The unfair contracts terms regime is being extended to all general insurance contracts (other than contracts for life insurance).
Companies should commence implementing amendments to contracts and updating compliance materials, to ensure compliance with the regime.
All relevant front line personnel should be across the unfair contracts terms regime, and other consumer law principles, so that they have regard to them in their interactions with consumers.
As foreshadowed in December 2012, the Government has released draft legislation to extend the unfair contract terms regime to general insurance contracts.
Until now, by virtue of a carve out in section 15 of the Insurance Contracts Act 1984 (Insurance Contracts Act), general insurance contracts have been excluded from the protections against unfair contract terms.
Estimates in the 2012 Regulation Impact Statement, based on data, suggest that unfair contract terms contained in insurance contracts cost consumers between AU$5 million and AU$10 million per year.
The Productivity Commission, in its 2008 Review of Australia’s Consumer Policy Framework, first recommended that a national consumer law, which included unfair contract terms laws, should apply to all sectors of the economy. However, at the time of adoption of the national consumer law, general insurance contracts were excluded from the application of the unfair contract terms regime. These changes in the field of insurance were originally flagged in March 2010, when the then Minister for Financial Services, Superannuation and Corporate Law, Chris Bowen, released an options paper seeking comments on options to address unfair contracts terms included in insurance contracts. The Government committed to drafting legislation to enact these changes on 20 December 2012.

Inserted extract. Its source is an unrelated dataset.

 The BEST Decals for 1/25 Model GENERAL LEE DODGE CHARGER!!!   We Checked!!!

The proposed amendments seek to provide a level of protection for consumers who purchase insurance products commensurate with the current protections provided in the unfair contract terms regime in the Australian Securities and Investments Commission Act 2001,which presently applies to other financial products and services (and consumer contracts generally, under the Australian Consumer Law). Whilst the provisions will be based on these regimes, the Government intends to modify the insurance contracts unfair contract terms regime to take into account the “unique features of insurance contracts”.
Under the proposed unfair contract terms regime, a term in an insurance contract will be considered unfair if it:
- would cause a significant imbalance in the parties rights and obligations under the contract;
- would cause detriment to a party if relied on; and
- is not reasonably necessary to protect the legitimate interests of the party advantaged by the term. For the purposes of determining whether a term in an insurance contract is reasonably necessary to protect a legitimate interest, a term will be reasonably necessary if it reflects the underwriting risk accepted by the insurer. The insurer will have the onus of proving that a term is reasonably necessary to protect their legitimate interests.

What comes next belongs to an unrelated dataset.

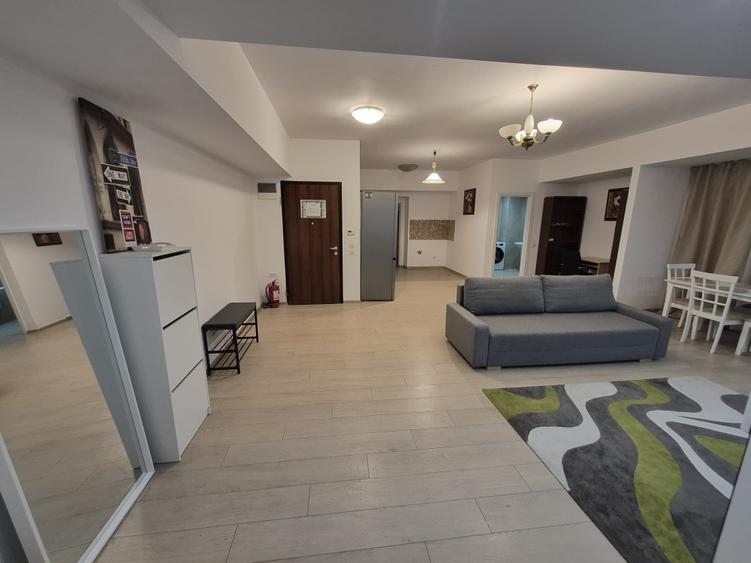 Apartament cu 2 camere semidecomandat în Băneasa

Other key elements of the draft legislation include that:
- consumers and the Australian Securities and Investments Commission (ASIC) will be able to take action for unfair terms in a standard form consumer contract of general insurance, such as seeking a court declaration that a term is unfair;
- courts will have access to a range of remedies in such circumstances;
- an insurer found by a court to have an unfair term will be in breach of the duty of utmost good faith and will not be able to rely on the term; and
- ASIC will be given powers to enforce unfair contract terms for general insurance contracts by reference to the enforcement and investigation powers it has in the ASIC Act.
The amendments will apply to:
- standard form consumer contracts of general insurance entered into, or renewed, on or after the commencement day; and
- to terms of existing general insurance contracts varied on or after the commencement day.
The unfair contract terms regime will not apply to a term of a contract to the extent that it:
- defines the main subject matter of the contract;
- sets the upfront price payable under the contract; or
- is a term required, or expressly permitted by a law of the Commonwealth or a State or Territory.
The proposed commencement day will be 12 months after Royal Assent, providing general insurers a transition period to review standard form consumer contracts for unfair terms.
The Government has indicated that life insurance contracts will not be considered as part of this tranche of changes, however they have been flagged for consideration under the unfair contract terms laws in the future.
Unfair contract terms is an extremely topical issue, with the ACCC releasing the findings of its review into unfair contract terms in standard form contracts in the airline, telecommunications, fitness, travel and vehicle rental industries, and with the first proceedings brought under the unfair contract regime against Bytecard Pty Ltd.
- consider and make appropriate changes to all contracts in preparation for the introduction of the legislation; and
- train staff, to ensure that staff have regard to these and other consumer law provisions in their interactions with consumers.
The exposure draft legislation and explanatory material can be found here. Submissions on the draft legislation are due by 31 May 2013.